IBA report – In Germany, efficiency equals survival
A first-time visit to Munich’s IBA could be daunting: over 77,000 people milling around 12 large halls packed floor to ceiling with equipment and machinery.
Luckily for me, CyBake was there at the invitation of our local partner toolbox Software, which specialises in automated order-picking, distribution and warehouse control systems. What more, our office’s native German speaker, Andrea Duempelmann, accompanied me, meaning that we got to talk to bakers and industry players properly and in-depth.
What I found is that in some ways the German bakery market is similar to our own but in others it is markedly different. My belief is that British bakers can learn from those differences.
Just as in the UK, there is a healthy bakery software market in Germany with a number of providers competing for business. As with back home, quite a few of these seemed to be fairly ancient and written in the old Windows DOS days. But, as with our domestic market, there were increasingly successful firms offering solutions based on up-to-date technology.
What is different is that smaller – say, four shop – bakers are just as obsessed with capturing data and using it properly as the big operators. They want to know how much of each ingredient went into a batch of white loaves and who is doing precisely what on the shop floor.

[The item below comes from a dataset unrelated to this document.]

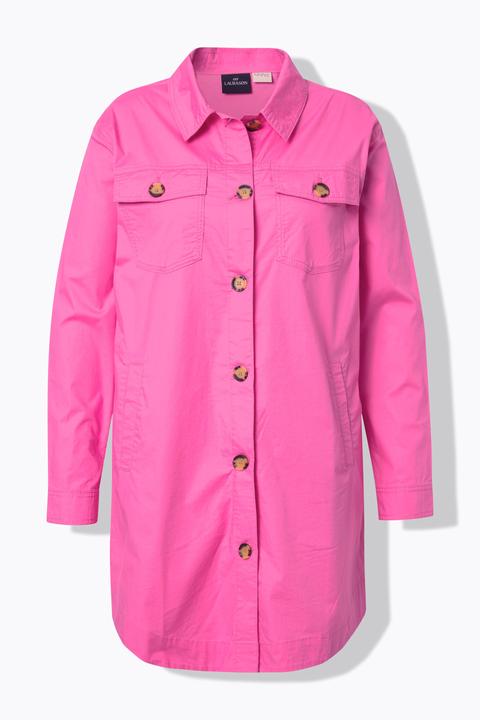 Immagine prodotto Laurasøn Giacca a camicia con maniche lunghe (40)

In Britain, we often associate this level of analysis with enterprise-level plant bakers. In Germany, smaller craft bakers also want to trace which ingredient lot numbers were used in production on a particular day and where those products went to.
Understanding Costs
One reason for this is that there is a lower margin on bakery goods in Germany. Understanding the cost of making products, and making the products to the same quality time and time again, is seen as essential.
German bakers see it as critical to find out what went wrong if a batch of cakes gets ruined. They want to find out who put what into the batch and why it was too floury or too wet and then improve on that process the next time round.

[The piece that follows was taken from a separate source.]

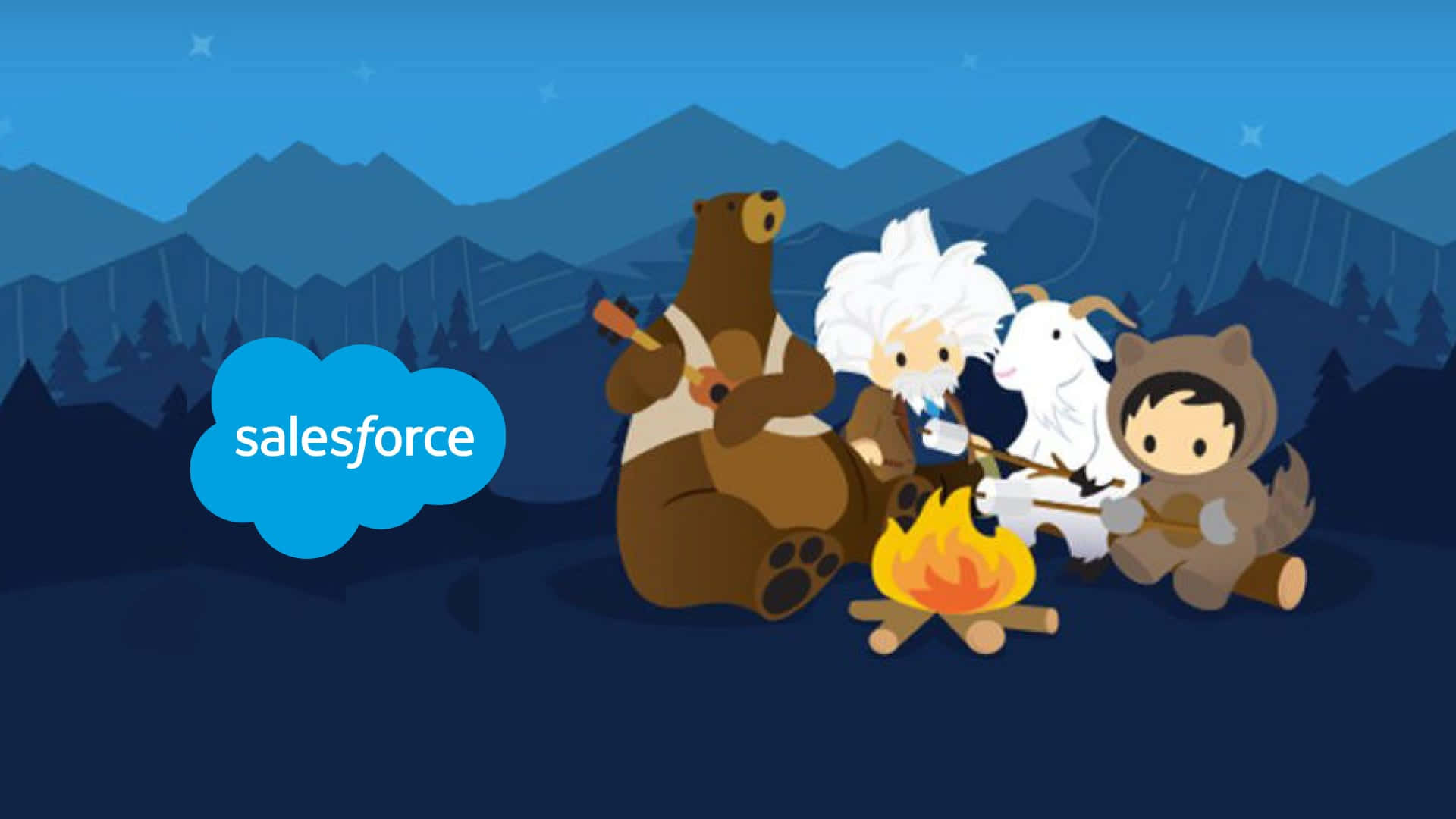 Salesforce Background Images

Another theme I found German bakers returning to time and again was flexibility. If a customer makes a request for a different type of bread, they will respond to it quickly and put it into production, hence a big emphasis on special instructions.
Integration was another key theme; and one very close to our hearts at CyBake. Software providers either offered all-in-one solutions or were working hard to make sure their software integrated with other firms’ applications and equipment.
What is the reason for this obsession with precision and data accuracy? Ask around, and one big answer would seem to be that German bakers face stiffer competition than their British counterparts.
Depending on who you talk to, there are anywhere between 8,000 and 15,000 bakery firms serving a population of around 80 million. In the UK, we have maybe 4,000 bakeries and a population of around 60 million. Bread is undeniably cheaper in Germany.
However, it is not as if British bakers really have an easy ride in comparison. The inexorable rise of the corporate multiples on the high street and the power of the supermarkets are just two serious pressures on our independent bakeries, whether they are retailers, wholesalers or both.
Attention to Detail
I believe that British bakery managers can learn from their German counterparts when it comes to this attention to detail, data capture and forward planning. It is literally one of the only ways to take true control and carve out the biggest margins while ensuring continuing product quality.
As another example, German bakers appear to be keener on using the data they collect to predict how much ingredients they should be ordering from their suppliers based on how much they’ve used over a period of time.
Once a bakery has got that data, then it can start using it effectively to become more efficient. Without adding some science to this process, it can easily be a case of: “I normally order x pallets of flour; I’ll order another x pallets of flour this week.”
The problem with this is that as an operation grows, it starts to have out-of-stocks because not enough ingredients have been ordered. Or the business gets out-of-dates because it is ordering too much. Stock builds up and it is not actually being used – the bakery just keeps ordering the same that it ordered last week and the week before.
So for us at CyBake, our trip to the IBA was extremely encouraging as many of the ideas we have introduced to the UK market are taken as given. Because for the German baker, efficiency equals survival.